Ah, rachamim, but you've proved my point exactly!
1) First, it's not even clear whether you are a creationist in the sense I'm referring to. Note that the creationism I'm speaking of (as you would know if you'd read the earlier posts!) has absolutely nothing to do with whether you believe your god or gods created or "are responsible" for the universe. It has to do with whether you accept the empirical facts about the age of the Earth & universe, the relatedness of life on Earth (including human life) to each other, and its gradual evolution from life from a common ancestor. Creationists, as I (and many others) use the term in this context, are people who don't.
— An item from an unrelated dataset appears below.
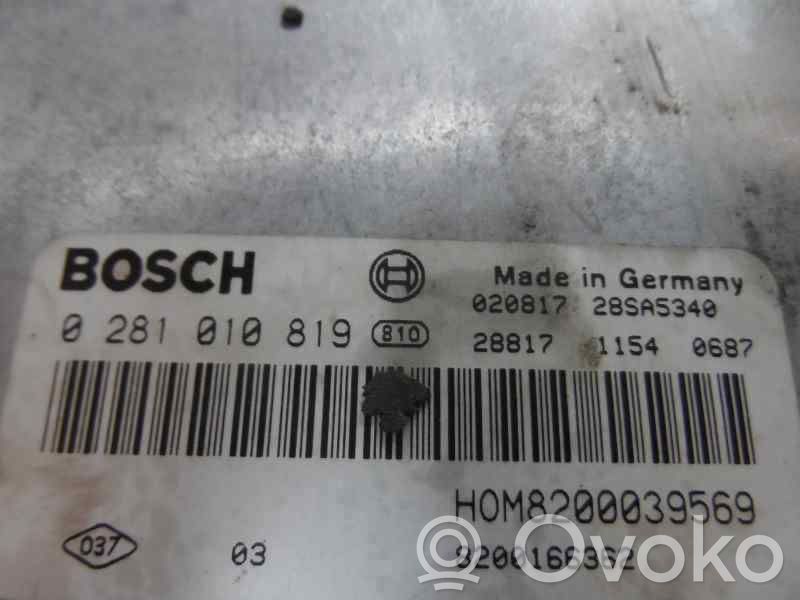 Sterownik / Moduł ECU   0281010819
2) Indeed, you appear to be a literalist/fundamentalist Jew from what I can see, given your remarks on scripture and adherence to some of the wackier points of law. So it's hardly surprising to find you'd be a creationist (if indeed you are!) This is what we nearly always find with creationists --
they fundamentally believe in creationism because their preferred interpretation of their religious teachings require it. You always see the creationist arguments about the scientific evidence come later, when cognitive dissonance forces them to believe that the evidence
mustn't show anything that disagrees with their pre-existing religious beliefs.
3) Finally, as you noticed

, I made many generalizations about the typical ignorance of creationists. While one example proves nothing, I'll just note that you're helping my case here:
As for the irrefutable aspects of Evolution, there IS a very good reason why it is called the "THEORY of Evolution."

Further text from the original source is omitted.